Robert Redford tackles Abe's post-assassination frenzy
Published: April 15, 2011
You may be surprised to know that Robert Redford has only directed eight features over the last three decades; though that shock becomes milder when you consider what colossal, thudding bores almost all of those pictures are. In retrospect, it's easier to admire a film like say, The Milagro Beanfield War, than it is to actually sit down and watch it. This is also the case of with The Conspirator, Redford's latest dependably pedantic daytrip through a dusty corner of history. Redford has never let a good story get in the way of a moral, and this handsomely made, stoutly acted and dramatically inert film is both fascinating and achingly dull.
The film recounts the underreported story of the chaos that immediately followed Abraham Lincoln's assassination, of the
complex conspiracy to bring down the Union government, and the woman who got swallowed up in the gears of justice. In those frenzied days after the tragedy, the North won the war yet almost lost the nation. Actor John Wilkes Booth pulled the trigger on April 12, 1865, but he was just one of a group of disgruntled Southerners who hatched a plan to kill not just the president, but vice president Andrew Johnson and Secretary of State William Seward. Many of the planning meetings of this cabal were held at the Washington boarding house of Mary Surrat (Robin Wright Penn), and when her son John fled to the countryside, Mary was charged as a co-conspirator in the plot.

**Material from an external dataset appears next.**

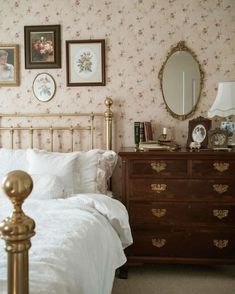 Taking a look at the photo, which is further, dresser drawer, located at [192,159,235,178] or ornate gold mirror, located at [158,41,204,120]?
ornate gold mirror, located at [158,41,204,120]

In the film, she is to be tried by a military court, and sensing that a Yankee lawyer has the best shot at defending her, Sen. Reverdy Johnson (Tom Wilkinson) assigns young decorated war hero Frederick Aiken (James McAvoy) to the thankless task. The consternation this causes his friends, comrades and fiance (Alexis Bledel), is merely window dressing to the courtroom action, which Redford relishes. Any inference to current events, of secretive tribunals, rushes to judgment, terrorism, extraditions and enemy combatants, is strictly intentional, as the director hangs contemporary political points atop historical record.
He may be dead-on in his argument — this case set some legal precedents we're still dealing with, and the outcome of the remains controversial — but in presentation Redford is stiff as a starched collar. This is isn't the actors' fault; the cast is loaded top to bottom with reliable (though sometimes hammy) players, including Kevin Kline, Evan Rachel Wood, Danny Huston and Colm Meany. The one sour note comes from Justin Long, who, in his Union dress blues and thick fake mustache, resembles a fugitive from a Carol Burnett sketch.
The look of the film has been color-corrected to a faint sepia hue, which lends an otherworldly air, but also keeps the events at distance better examined in a classroom than a multiplex.